Exercise objective:
Only the pictures should be dropped; copy the rest of the entries exactly.

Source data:
BEGIN

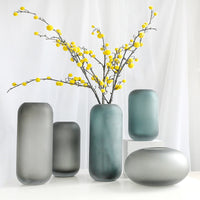 Classic Flower Artificial Flower Glass Vase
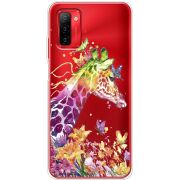 Прозрачный чехол BoxFace Ulefone Note 12P Colorful Giraffe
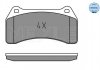 Brake pad set 0252348916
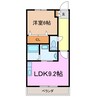 イル・ボヌール 1LDKの間取り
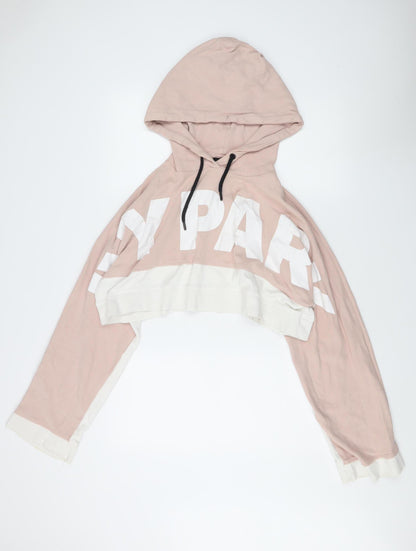 Additional front view of Ivy Park Women's Pink White Hoodie M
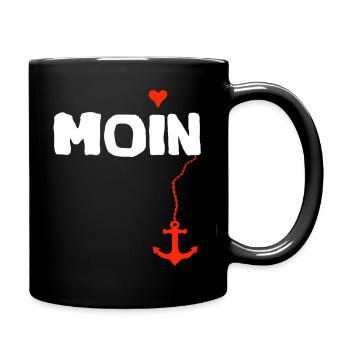 Moin | Welcome Northern Germany Coast North - Full Colour Mug - black - Right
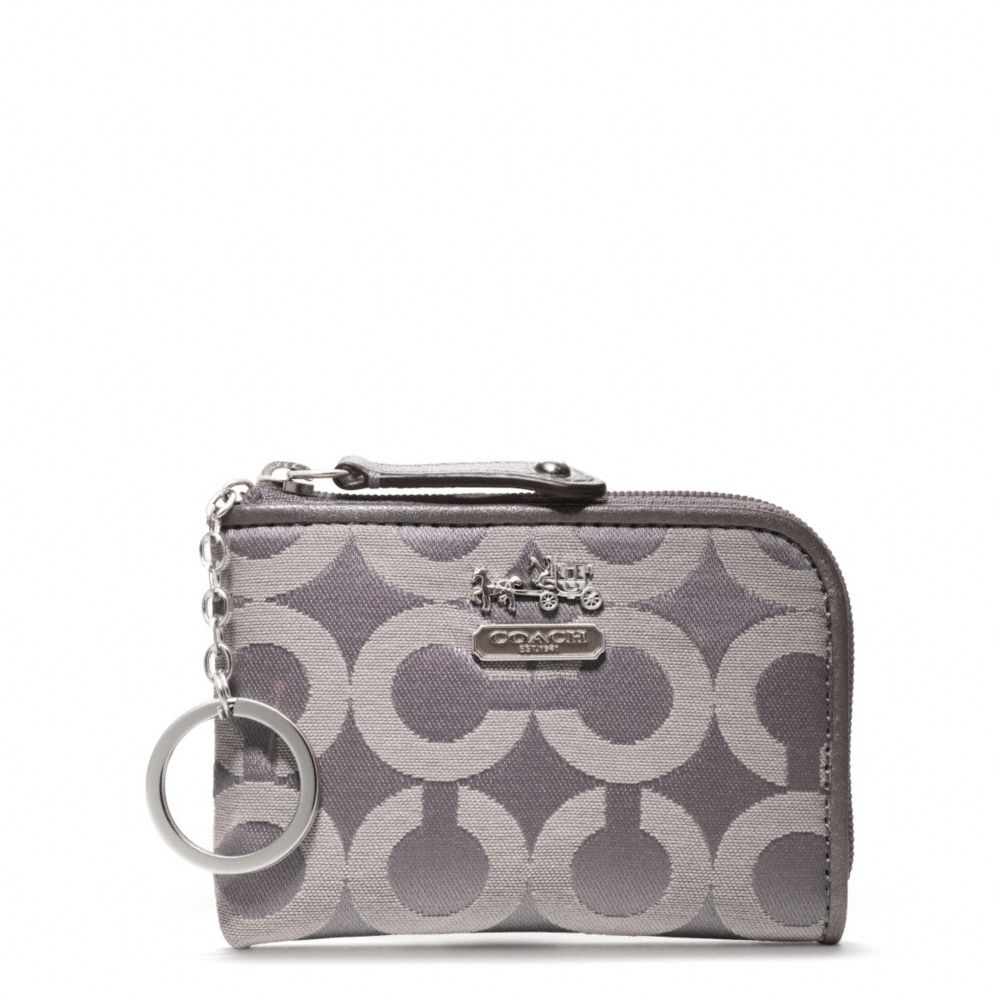 COACH MADISON OP ART SATEEN MINI L ZIP -  - f48547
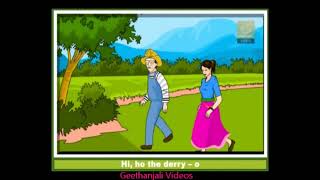 Fun on the Farm The Farmers in the Dell Nursery Rhyme  Animated Song for Kids [upl. by Vasquez]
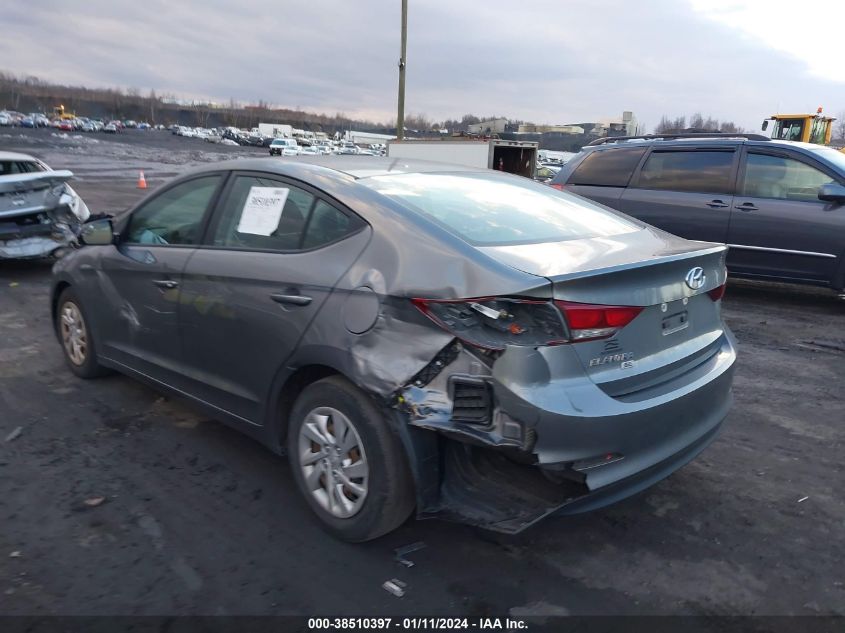 2018 HYUNDAI ELANTRA SE - 5NPD74LF7JH309893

END

Task result:
 Classic Flower Artificial Flower Glass Vase
 Прозрачный чехол BoxFace Ulefone Note 12P Colorful Giraffe
 Brake pad set 0252348916
 イル・ボヌール 1LDKの間取り
 Additional front view of Ivy Park Women's Pink White Hoodie M
 Moin | Welcome Northern Germany Coast North - Full Colour Mug - black - Right
 COACH MADISON OP ART SATEEN MINI L ZIP -  - f48547
 Fun on the Farm The Farmers in the Dell Nursery Rhyme  Animated Song for Kids [upl. by Vasquez]
 2018 HYUNDAI ELANTRA SE - 5NPD74LF7JH309893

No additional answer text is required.